Start of Dataset records
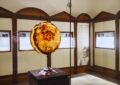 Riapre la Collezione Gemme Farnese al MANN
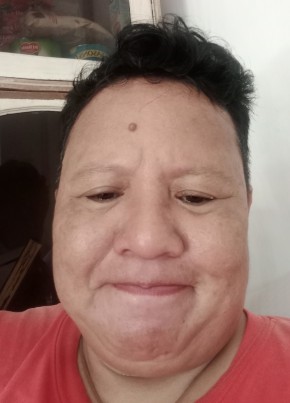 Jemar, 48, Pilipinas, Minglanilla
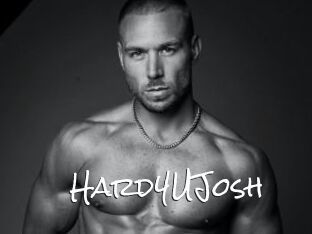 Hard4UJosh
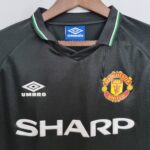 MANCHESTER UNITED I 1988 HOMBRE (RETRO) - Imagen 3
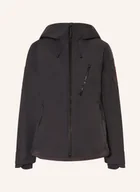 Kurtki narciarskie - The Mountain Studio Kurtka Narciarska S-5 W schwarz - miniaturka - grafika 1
End of Dataset records
Start of Dataset records
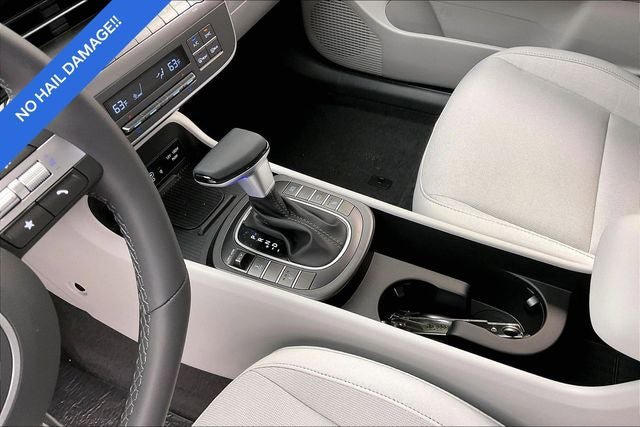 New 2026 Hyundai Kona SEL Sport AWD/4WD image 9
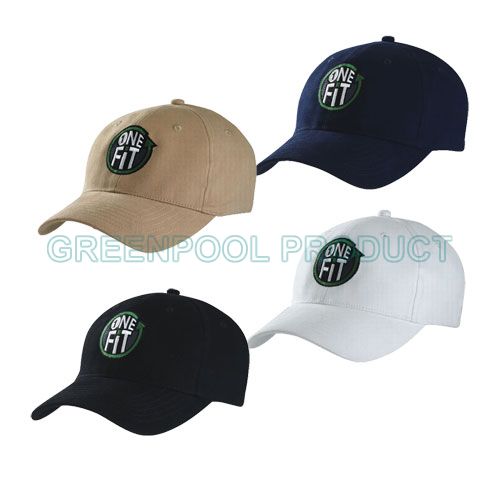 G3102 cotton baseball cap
End of Dataset records
Start of Dataset records
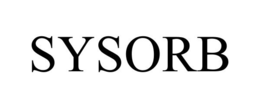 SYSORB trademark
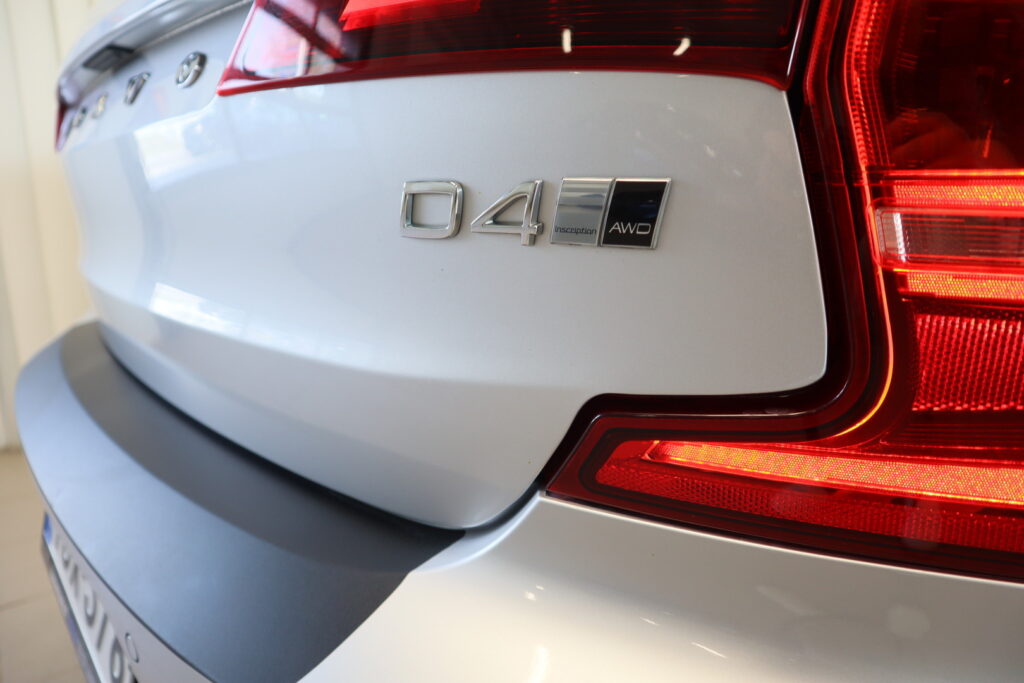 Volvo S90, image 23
End of Dataset records
Work required: Your reply is to be an exact repeat of the listing above from the line holding "Jemar, 48, Pilipinas, Minglanilla" down to the line holding "Kurtki narciarskie - The", ends included, pictures excluded.

Solution to this problem:
 Jemar, 48, Pilipinas, Minglanilla
 Hard4UJosh
 MANCHESTER UNITED I 1988 HOMBRE (RETRO) - Imagen 3
 Kurtki narciarskie - The Mountain Studio Kurtka Narciarska S-5 W schwarz - miniaturka - grafika 1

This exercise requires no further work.